On Saturday, 14 June 2014 at 15:41:10 UTC, John Colvin wrote:
On Saturday, 14 June 2014 at 14:51:10 UTC, Dicebot wrote:
On Saturday, 14 June 2014 at 13:38:40 UTC, Maxim Fomin wrote:
Which is effectively a type system hole with @disable this :

struct A { @disable this(); }
auto a = A.init;

Why this is a type hole if initializer is explicitly provided?

The idea of disabled this() is to prevent default initialization,
not to reject potentially buggy one.

Well consider imaginary NotNullable struct that uses "@disable this()" to guarantee that instance of that struct always has meaningful state. By using (NotNullable!T).init you can get value of that type which is in fact null and pass it as an argument to function that expects NotNullable to always be non null. With no casts involved you have just circumvented guarantees static type system was suppose to give.

Hole in the type system: yes
Necessarily a bad thing: no

It depends on what do you mean by type safety. If commonly accepted definition is chosen (for example, what type safety article means), than there is no type safety problem here.
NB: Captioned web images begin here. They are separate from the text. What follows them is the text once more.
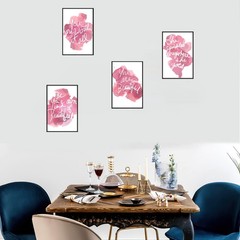 Set of 4 Framed Motivational Quotes – Pink Canvas for Women’s Rooms & Home Decor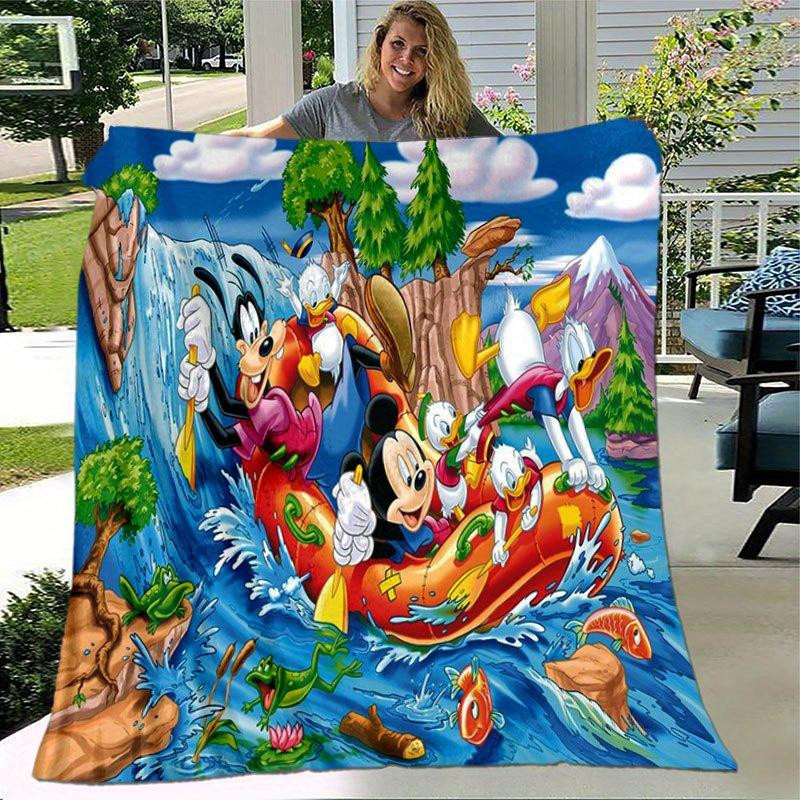 Mickey und Minnie Cartoon-Decke von Living Need F aus Flanell, Mehrfarbig, B/H: 80 x 120 cm - Bild 3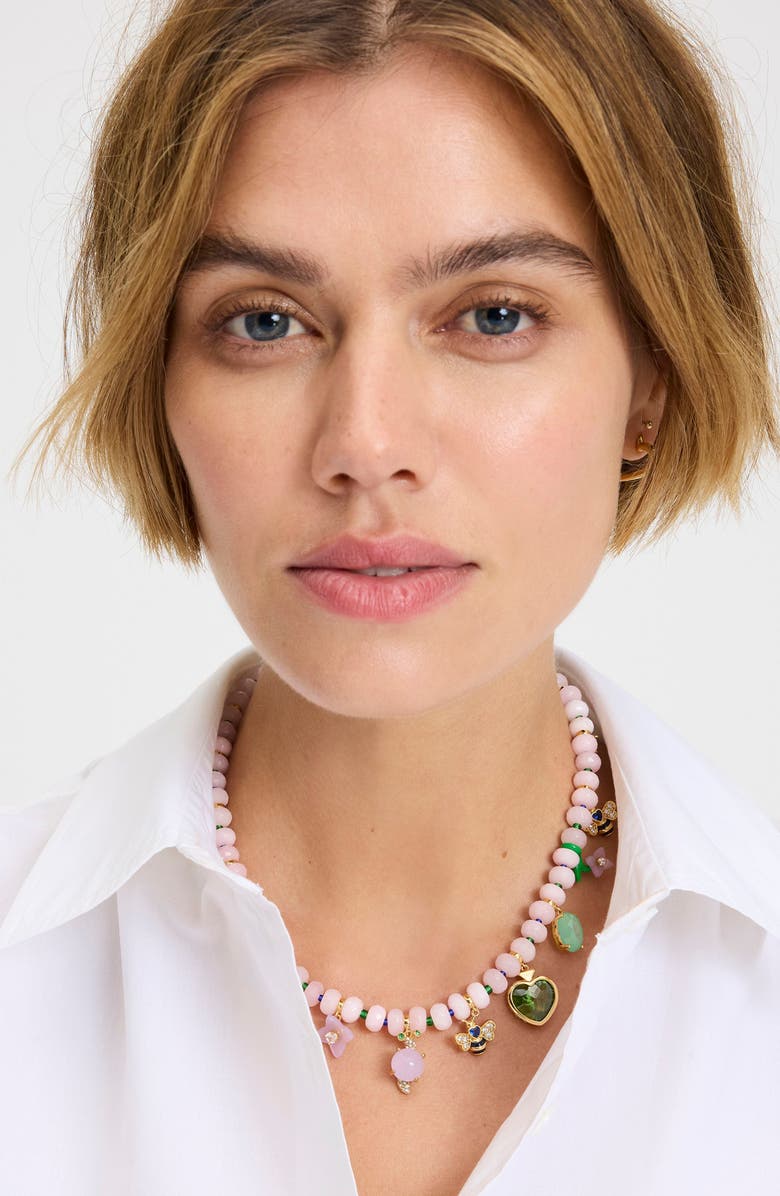 Kate Spade New York garden friends beaded charm necklace, Alternate, color,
Some data-types require runtime initialisation to be valid. By using .init you are explicitly circumventing any runtime initialisation. It's an explicit hole, just like cast.
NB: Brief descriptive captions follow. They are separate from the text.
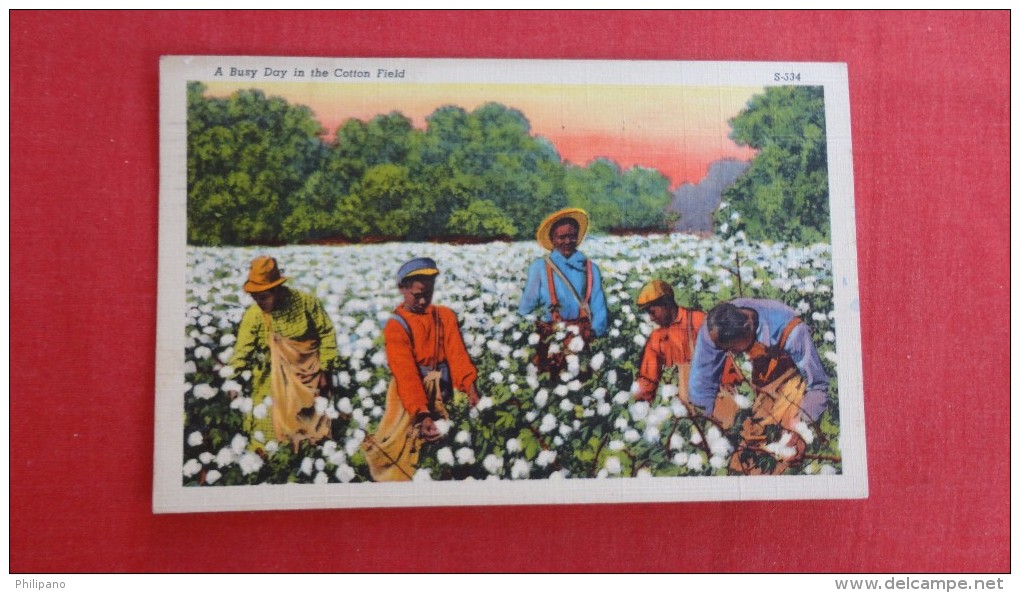 Black Americana Busy Day In Cotton Fields 1942 Cancel--1845 - Black Americana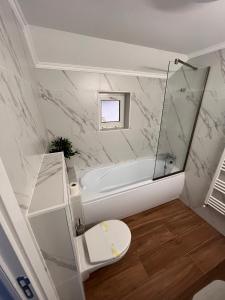 萨图马雷Lira Holiday Apartments的带浴缸和卫生间的浴室。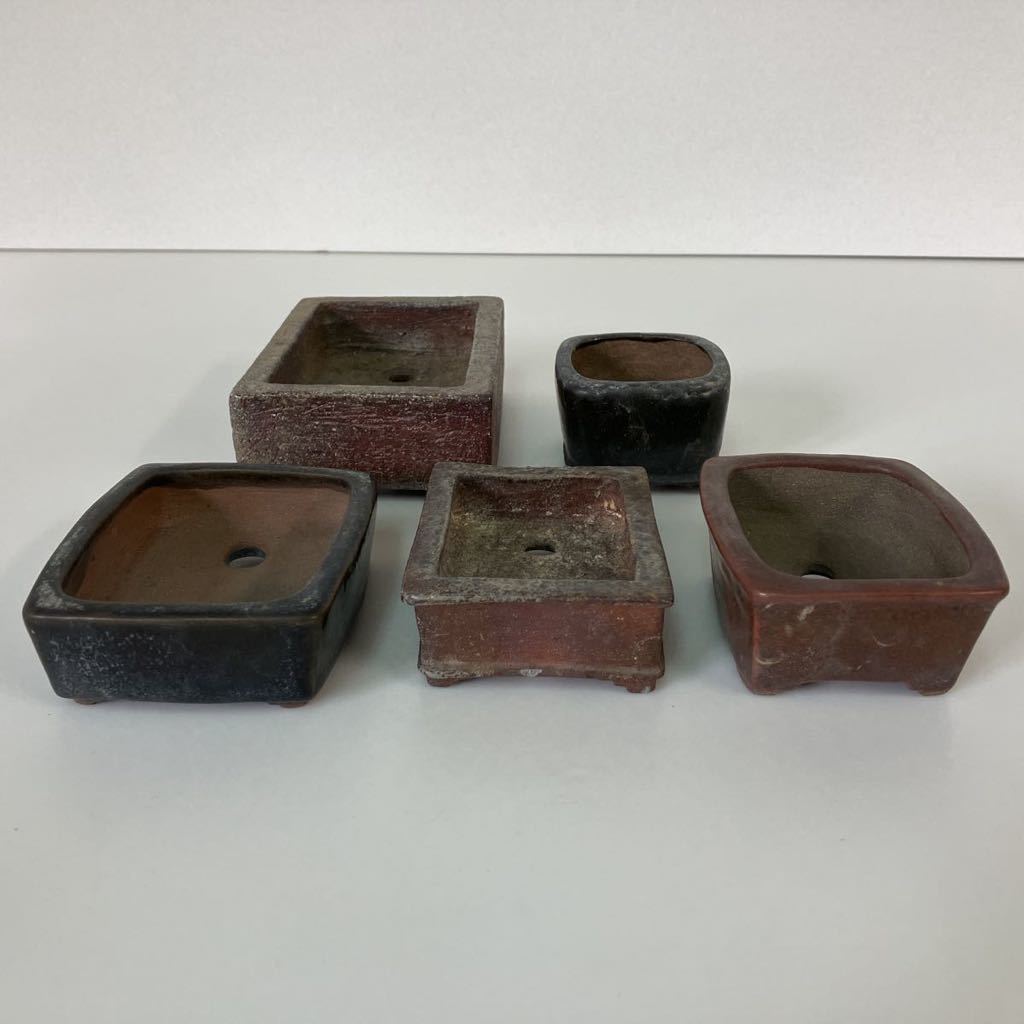 盆栽鉢 蘭万園中国 「中渡均窯外縁四角下方」 美術鉢 古盆
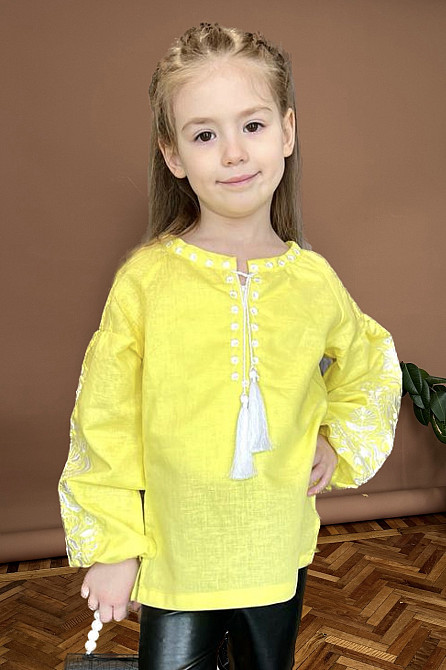 Вышиванка для девочки Дерево жизни с длинным рукавом в желтом цвете Сумы - изображение 1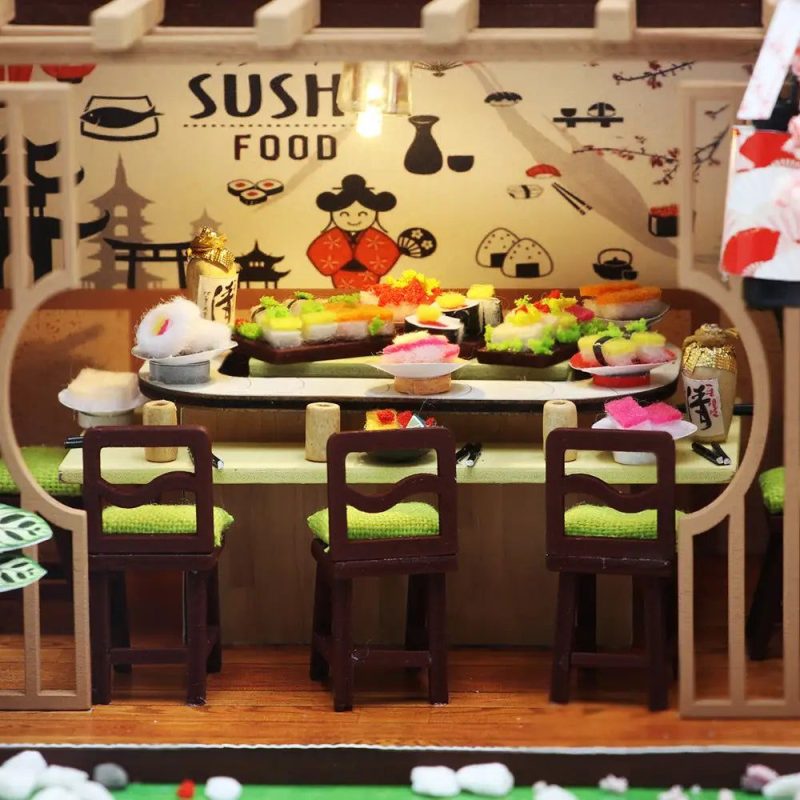 realistic-tiny-sushi-set-for-dollhouse-scene Realistic tiny sushi set with nigiri and maki rolls for miniature dollhouse display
Yes, this is known. But note, that it is user, not the language, who circumvents initialization. By the way, what many people expect from the feature - to have reference which points to preallocated, valid object is hardly achievable in system level language where due to free access to memory and memory bugs reference may hold any value. For example, class object may turn into integer with value 12345.

class A {}
int I = 12345;
A a = cast(A) I;

With the same reasoning I can say that language is faulting here because it allowed for me to circumvent my own wishful(!) assumption that references should always be allocated and point to valid memory.

The fact that pointer or reference can be null, is a tiny, tiny problem. You can test for null, but you cannot check whether pointer contains valid address. For example, try to figure out whether it is safe to write to address 0xFEFFABCD in some particular context.
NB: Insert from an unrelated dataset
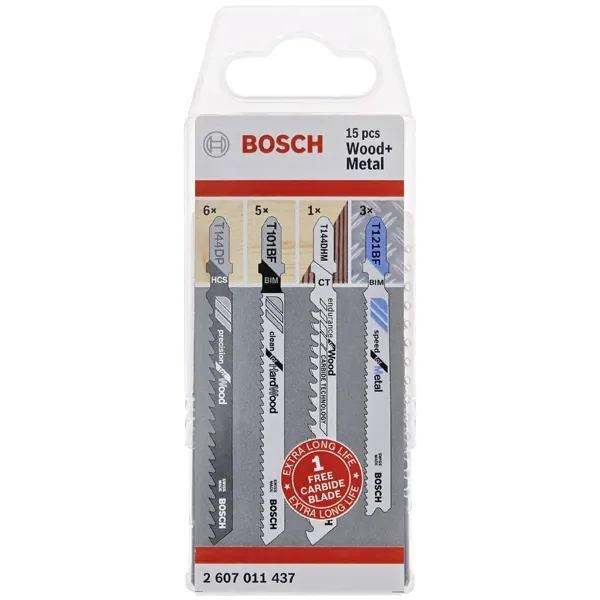 BOSCH  2607011437  JUEGO DE HOJAS DE SIERRA PENDULAR, VARILLA CON UN UMBRAL DE SUJECIóN (T), 92100 MM, MULTIMATERIAL, CORTE M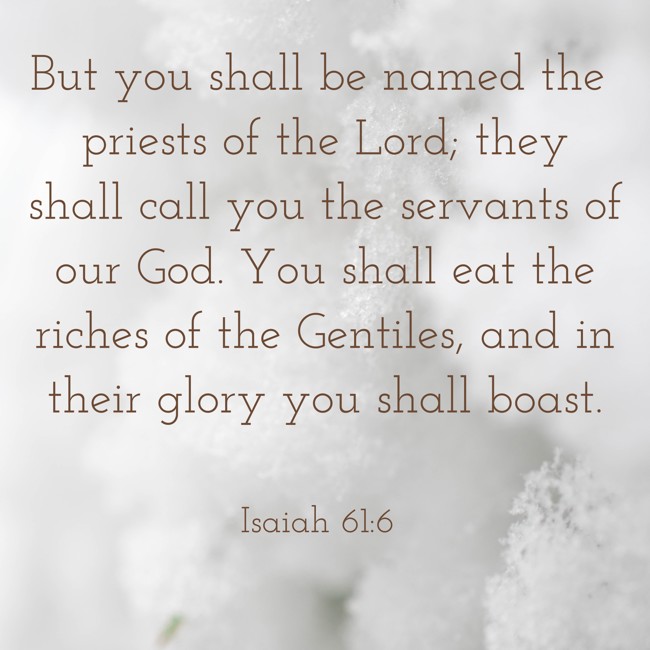 But you shall be named the priests of the Lord; they shall call you the servants of our God. You shall eat the riches of the Gentiles, and in their glory you shall boast. - Isaiah 61:6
It appears that it possible (in 2.065 at least) for a struct to provide it's own init, which can of course be

template init() { static assert(false); }

Is the ability to manually specify .init a bug or a feature? I feel like it's a bug.


As far as I remember the ability to define init property was since 2.058. The semantic would that if you access init explicitly, you would get overridden property, but in other cases (for example allocation) the semantic is of language init. Probably it was filed as a bug, I don't remember.